WHAT THE TASK REQUIRES: Your copy should start at the line with "uncontested election Cindy" and end at the line with "[3] 2019-2021 Silver Eagle NGC PF69 Ultra Cameo: [3]" in the data below. Transcribe only those lines, exactly, pictures excluded.

[Start of Attachment]

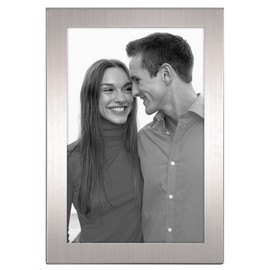 Malden International Designs Matte Silver Essential Fashion Metal Picture Frame, 4x6, Silver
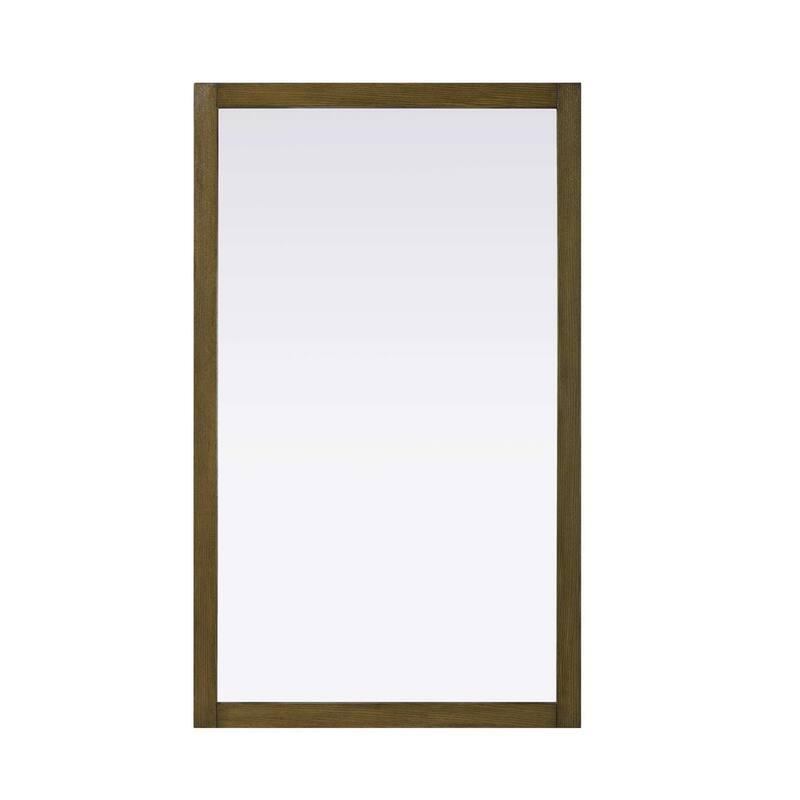 Solene Wooden Rectangle Mirror (60-72 x 36 in.) - Hazel Oak - 60" x 36"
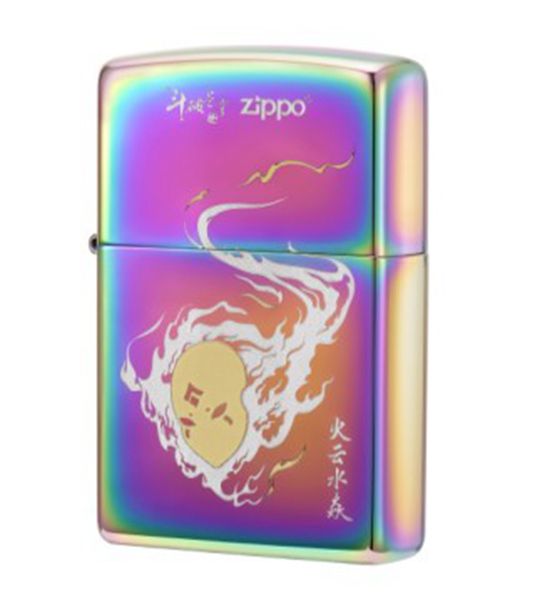 zippo异火系列防风打火机 火云水焱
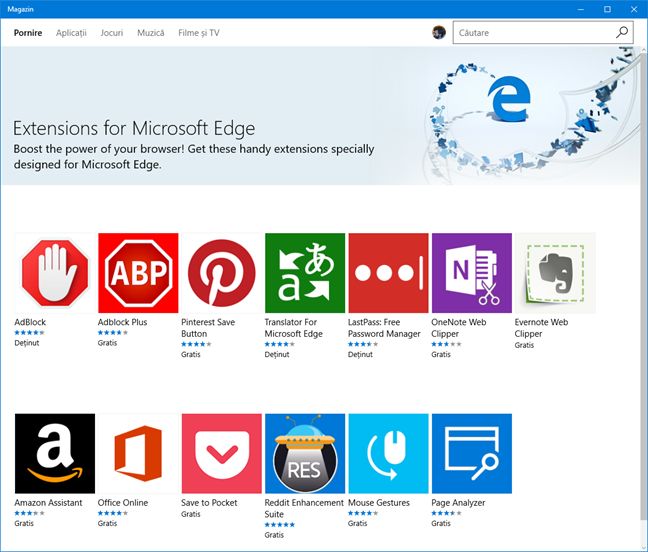 Microsoft Edge, caracteristici, slabe, Windows 10, browser, web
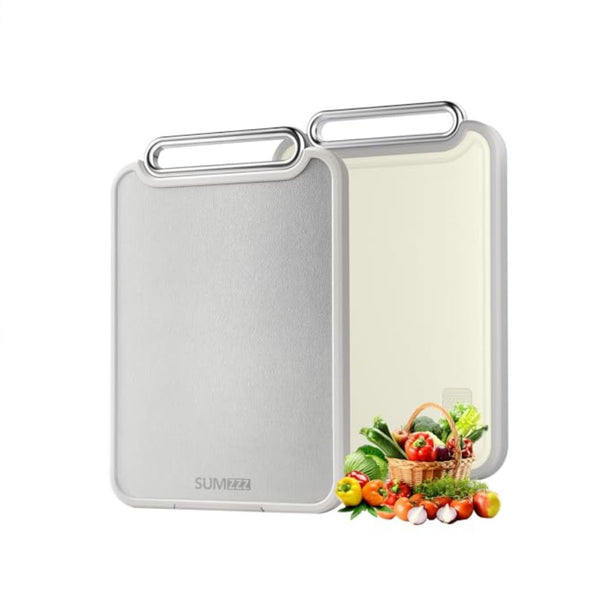 Large Double Sided Stainless Steel Cutting Board 16x11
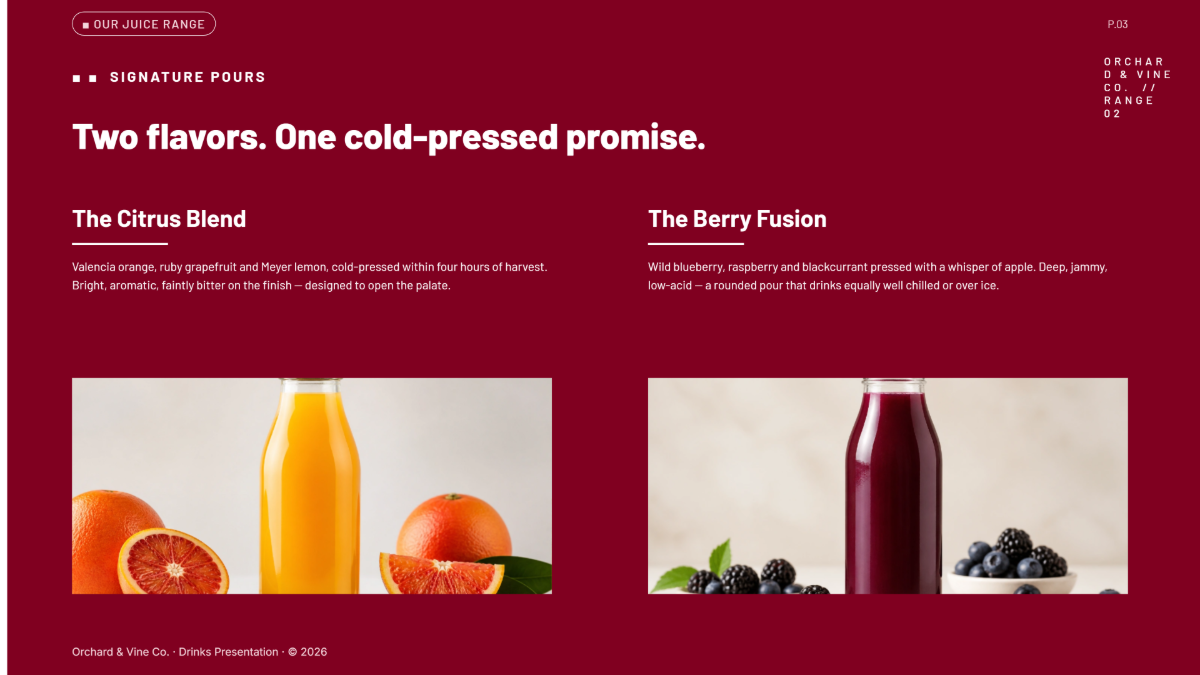 Free Drink Presentation Template to Edit Online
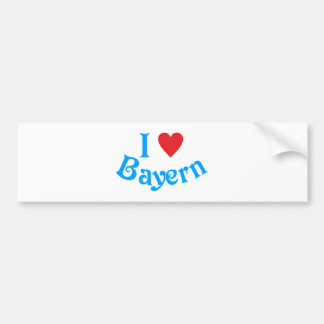 I love Bavaria I love Bavaria Bumper Sticker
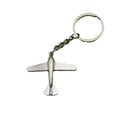 Zinc Alloy Simple Airplane Keychain Travel Bag Charm Gift view 5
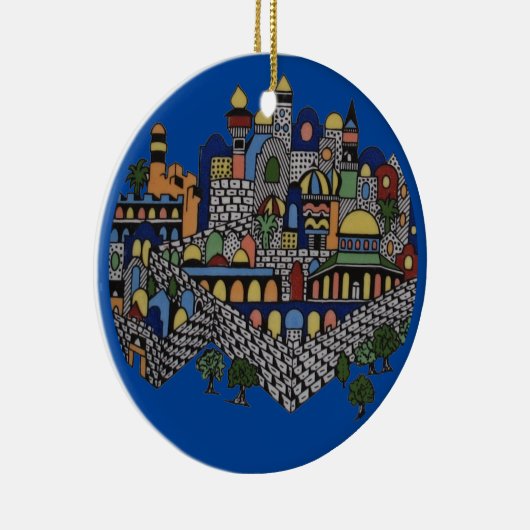 Armenische Keramik Jerusalem Ornament (Rechts)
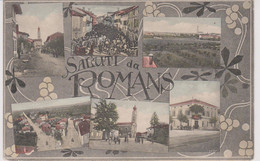 SALUTI DA ROMANS GORIZIA 6 VEDUTE ANIMATA 1915 BELLA ! - Gorizia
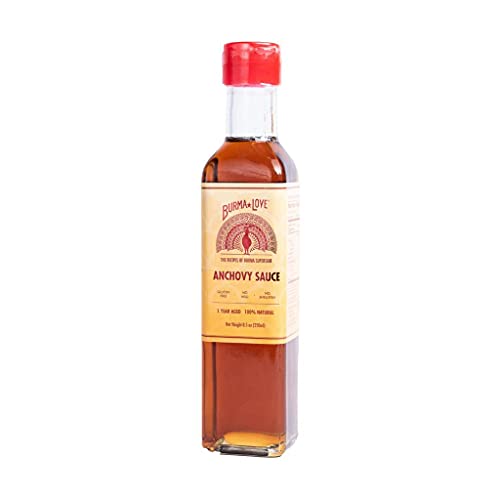 Burma Love Anchovy Sauce (Fish Sauce), Gourmet Seasoning, Salt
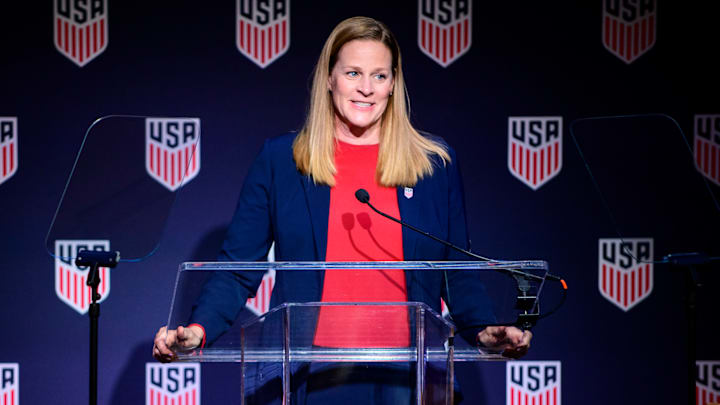 Cindy Parlow Cone will be elected to lead U.S. Soccer for the next four years in an uncontested election Cindy Parlow Cone will be elected to lead U.S. Soccer for the next four years in an uncontested election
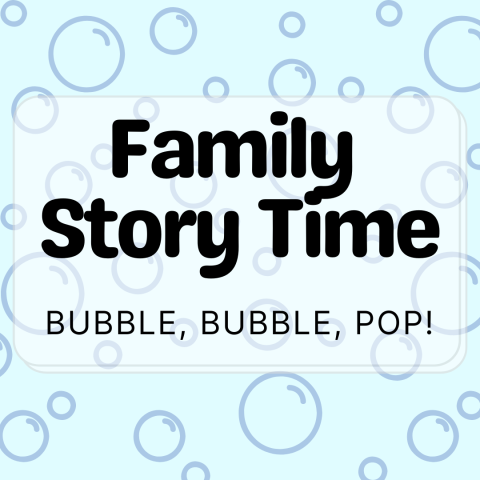 bubble themed story time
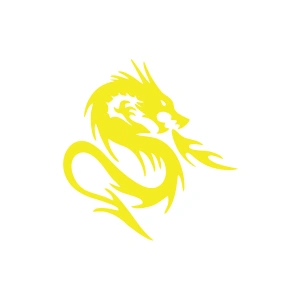 Kızgın Ejderha Araba Sticker 17x17 Cm Sarı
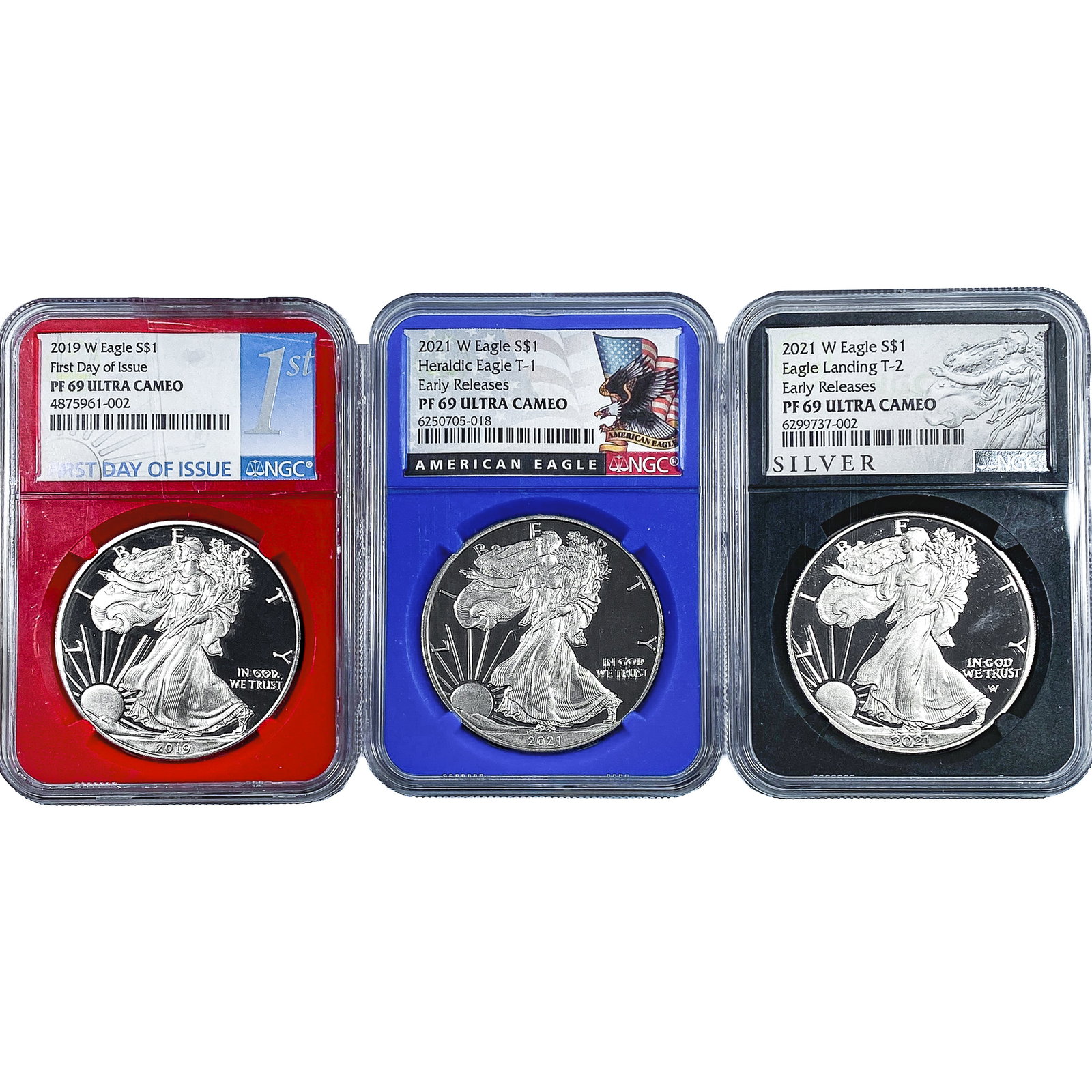 [3] 2019-2021 Silver Eagle NGC PF69 Ultra Cameo: [3] 2019-2021 Silver Eagle NGC PF69 Ultra Cameo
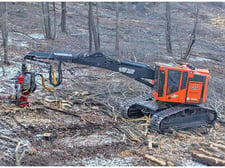 Timberpro #TN-725C, feller-buncher, 300 HP Cummins 8.3L, 100 gallon fuel tank, 24" double grouser pads, 2016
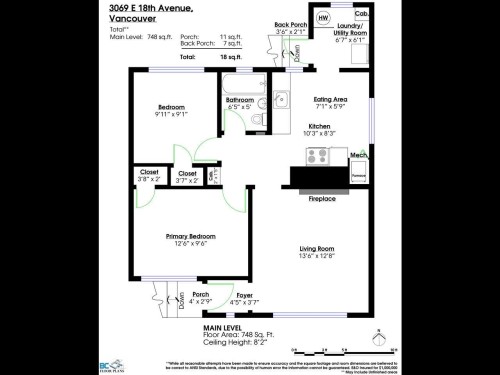 3069 18Th Avenue E, Vancouver, BC 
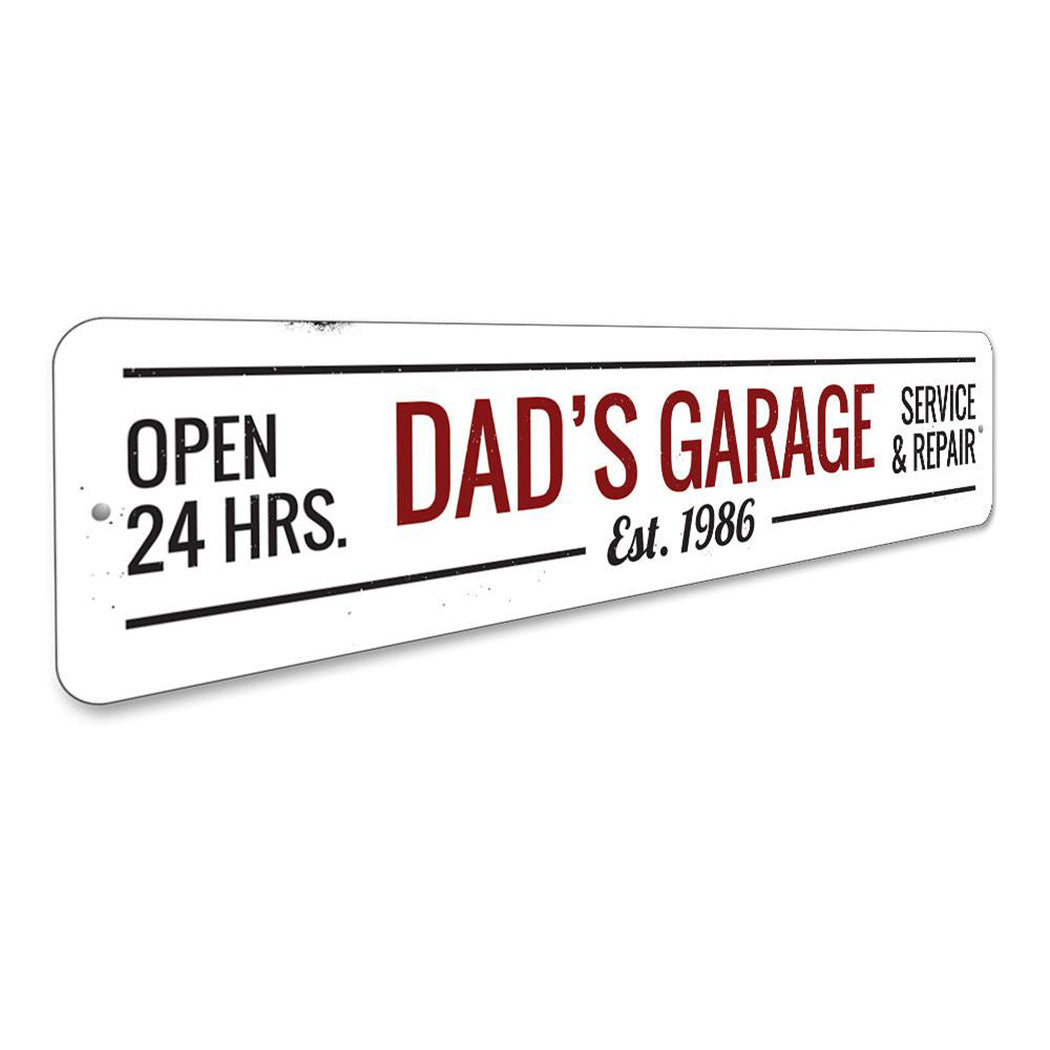 Dads Garage Sign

[End of Attachment]

COMPLETED EXERCISE:
 Cindy Parlow Cone will be elected to lead U.S. Soccer for the next four years in an uncontested election Cindy Parlow Cone will be elected to lead U.S. Soccer for the next four years in an uncontested election
 bubble themed story time
 Kızgın Ejderha Araba Sticker 17x17 Cm Sarı
 [3] 2019-2021 Silver Eagle NGC PF69 Ultra Cameo: [3] 2019-2021 Silver Eagle NGC PF69 Ultra Cameo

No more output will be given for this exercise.